### Activity
Output the data exactly, with every line intact.
-=-=-=-=-
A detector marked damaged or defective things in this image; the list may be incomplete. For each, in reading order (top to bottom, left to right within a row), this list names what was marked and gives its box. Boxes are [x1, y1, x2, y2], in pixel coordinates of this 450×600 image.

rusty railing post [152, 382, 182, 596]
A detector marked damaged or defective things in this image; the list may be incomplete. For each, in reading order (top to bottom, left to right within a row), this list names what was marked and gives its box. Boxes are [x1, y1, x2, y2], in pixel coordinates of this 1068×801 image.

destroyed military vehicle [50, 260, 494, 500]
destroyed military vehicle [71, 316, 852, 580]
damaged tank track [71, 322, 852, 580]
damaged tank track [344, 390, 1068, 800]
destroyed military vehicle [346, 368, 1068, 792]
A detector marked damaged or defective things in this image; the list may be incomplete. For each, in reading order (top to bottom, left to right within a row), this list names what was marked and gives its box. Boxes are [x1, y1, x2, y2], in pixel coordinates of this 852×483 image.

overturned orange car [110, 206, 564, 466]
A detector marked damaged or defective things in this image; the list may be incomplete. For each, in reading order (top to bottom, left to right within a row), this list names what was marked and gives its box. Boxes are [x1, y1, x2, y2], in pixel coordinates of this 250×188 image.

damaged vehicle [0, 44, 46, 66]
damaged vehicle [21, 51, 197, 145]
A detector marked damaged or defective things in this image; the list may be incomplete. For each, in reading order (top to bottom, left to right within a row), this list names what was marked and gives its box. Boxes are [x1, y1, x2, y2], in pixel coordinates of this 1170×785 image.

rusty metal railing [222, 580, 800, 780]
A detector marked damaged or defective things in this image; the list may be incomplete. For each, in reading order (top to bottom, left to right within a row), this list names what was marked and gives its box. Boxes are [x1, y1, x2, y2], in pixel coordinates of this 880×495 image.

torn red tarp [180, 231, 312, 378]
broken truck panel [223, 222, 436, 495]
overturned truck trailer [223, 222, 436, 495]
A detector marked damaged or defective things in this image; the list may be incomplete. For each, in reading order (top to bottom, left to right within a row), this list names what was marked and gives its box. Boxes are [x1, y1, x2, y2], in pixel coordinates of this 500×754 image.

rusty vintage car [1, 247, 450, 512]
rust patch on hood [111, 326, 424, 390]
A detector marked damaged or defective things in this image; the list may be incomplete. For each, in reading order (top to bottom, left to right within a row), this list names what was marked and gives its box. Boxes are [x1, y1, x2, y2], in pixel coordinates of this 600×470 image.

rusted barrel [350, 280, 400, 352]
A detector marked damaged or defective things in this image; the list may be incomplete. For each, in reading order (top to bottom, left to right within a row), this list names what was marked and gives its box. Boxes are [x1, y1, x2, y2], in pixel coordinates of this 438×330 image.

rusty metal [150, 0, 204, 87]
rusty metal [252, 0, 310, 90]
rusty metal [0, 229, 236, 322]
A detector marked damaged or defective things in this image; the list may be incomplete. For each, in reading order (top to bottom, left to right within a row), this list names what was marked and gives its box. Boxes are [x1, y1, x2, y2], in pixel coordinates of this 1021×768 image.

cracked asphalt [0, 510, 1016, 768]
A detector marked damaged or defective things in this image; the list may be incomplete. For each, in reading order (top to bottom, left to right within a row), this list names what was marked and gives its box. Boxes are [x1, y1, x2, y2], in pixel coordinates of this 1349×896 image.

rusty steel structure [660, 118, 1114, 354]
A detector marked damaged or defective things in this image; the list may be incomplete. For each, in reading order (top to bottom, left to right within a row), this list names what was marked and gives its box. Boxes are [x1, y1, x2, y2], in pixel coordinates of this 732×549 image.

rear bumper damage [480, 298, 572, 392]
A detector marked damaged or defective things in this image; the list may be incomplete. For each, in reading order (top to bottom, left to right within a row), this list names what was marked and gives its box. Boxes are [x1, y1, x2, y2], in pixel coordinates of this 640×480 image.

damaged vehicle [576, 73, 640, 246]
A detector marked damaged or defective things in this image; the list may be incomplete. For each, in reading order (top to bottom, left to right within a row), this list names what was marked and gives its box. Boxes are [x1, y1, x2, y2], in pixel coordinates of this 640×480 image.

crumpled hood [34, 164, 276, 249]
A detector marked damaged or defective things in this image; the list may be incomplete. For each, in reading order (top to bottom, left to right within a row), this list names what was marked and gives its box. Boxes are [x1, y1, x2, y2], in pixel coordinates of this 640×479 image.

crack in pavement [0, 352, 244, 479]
-=-=-=-=-
### Task response
A detector marked damaged or defective things in this image; the list may be incomplete. For each, in reading order (top to bottom, left to right within a row), this list names what was marked and gives its box. Boxes are [x1, y1, x2, y2], in pixel coordinates of this 450×600 image.

rusty railing post [152, 382, 182, 596]
A detector marked damaged or defective things in this image; the list may be incomplete. For each, in reading order (top to bottom, left to right within a row), this list names what was marked and gives its box. Boxes are [x1, y1, x2, y2], in pixel coordinates of this 1068×801 image.

destroyed military vehicle [50, 260, 494, 500]
destroyed military vehicle [71, 316, 852, 580]
damaged tank track [71, 322, 852, 580]
damaged tank track [344, 390, 1068, 800]
destroyed military vehicle [346, 368, 1068, 792]
A detector marked damaged or defective things in this image; the list may be incomplete. For each, in reading order (top to bottom, left to right within a row), this list names what was marked and gives its box. Boxes are [x1, y1, x2, y2], in pixel coordinates of this 852×483 image.

overturned orange car [110, 206, 564, 466]
A detector marked damaged or defective things in this image; the list may be incomplete. For each, in reading order (top to bottom, left to right within a row), this list names what was marked and gives its box. Boxes are [x1, y1, x2, y2], in pixel coordinates of this 250×188 image.

damaged vehicle [0, 44, 46, 66]
damaged vehicle [21, 51, 197, 145]
A detector marked damaged or defective things in this image; the list may be incomplete. For each, in reading order (top to bottom, left to right within a row), this list names what was marked and gives its box. Boxes are [x1, y1, x2, y2], in pixel coordinates of this 1170×785 image.

rusty metal railing [222, 580, 800, 780]
A detector marked damaged or defective things in this image; the list may be incomplete. For each, in reading order (top to bottom, left to right within a row), this list names what was marked and gives its box. Boxes are [x1, y1, x2, y2], in pixel coordinates of this 880×495 image.

torn red tarp [180, 231, 312, 378]
broken truck panel [223, 222, 436, 495]
overturned truck trailer [223, 222, 436, 495]
A detector marked damaged or defective things in this image; the list may be incomplete. For each, in reading order (top to bottom, left to right within a row), this list names what was marked and gives its box. Boxes are [x1, y1, x2, y2], in pixel coordinates of this 500×754 image.

rusty vintage car [1, 247, 450, 512]
rust patch on hood [111, 326, 424, 390]
A detector marked damaged or defective things in this image; the list may be incomplete. For each, in reading order (top to bottom, left to right within a row), this list names what was marked and gives its box. Boxes are [x1, y1, x2, y2], in pixel coordinates of this 600×470 image.

rusted barrel [350, 280, 400, 352]
A detector marked damaged or defective things in this image; the list may be incomplete. For each, in reading order (top to bottom, left to right within a row), this list names what was marked and gives its box. Boxes are [x1, y1, x2, y2], in pixel coordinates of this 438×330 image.

rusty metal [150, 0, 204, 87]
rusty metal [252, 0, 310, 90]
rusty metal [0, 229, 236, 322]
A detector marked damaged or defective things in this image; the list may be incomplete. For each, in reading order (top to bottom, left to right within a row), this list names what was marked and gives its box. Boxes are [x1, y1, x2, y2], in pixel coordinates of this 1021×768 image.

cracked asphalt [0, 510, 1016, 768]
A detector marked damaged or defective things in this image; the list may be incomplete. For each, in reading order (top to bottom, left to right within a row), this list names what was marked and gives its box. Boxes are [x1, y1, x2, y2], in pixel coordinates of this 1349×896 image.

rusty steel structure [660, 118, 1114, 354]
A detector marked damaged or defective things in this image; the list may be incomplete. For each, in reading order (top to bottom, left to right within a row), this list names what was marked and gives its box. Boxes are [x1, y1, x2, y2], in pixel coordinates of this 732×549 image.

rear bumper damage [480, 298, 572, 392]
A detector marked damaged or defective things in this image; the list may be incomplete. For each, in reading order (top to bottom, left to right within a row), this list names what was marked and gives its box. Boxes are [x1, y1, x2, y2], in pixel coordinates of this 640×480 image.

damaged vehicle [576, 73, 640, 246]
A detector marked damaged or defective things in this image; the list may be incomplete. For each, in reading order (top to bottom, left to right within a row), this list names what was marked and gives its box. Boxes are [x1, y1, x2, y2], in pixel coordinates of this 640×480 image.

crumpled hood [34, 164, 276, 249]
A detector marked damaged or defective things in this image; the list may be incomplete. For each, in reading order (top to bottom, left to right within a row), this list names what was marked and gives its box. Boxes are [x1, y1, x2, y2], in pixel coordinates of this 640×479 image.

crack in pavement [0, 352, 244, 479]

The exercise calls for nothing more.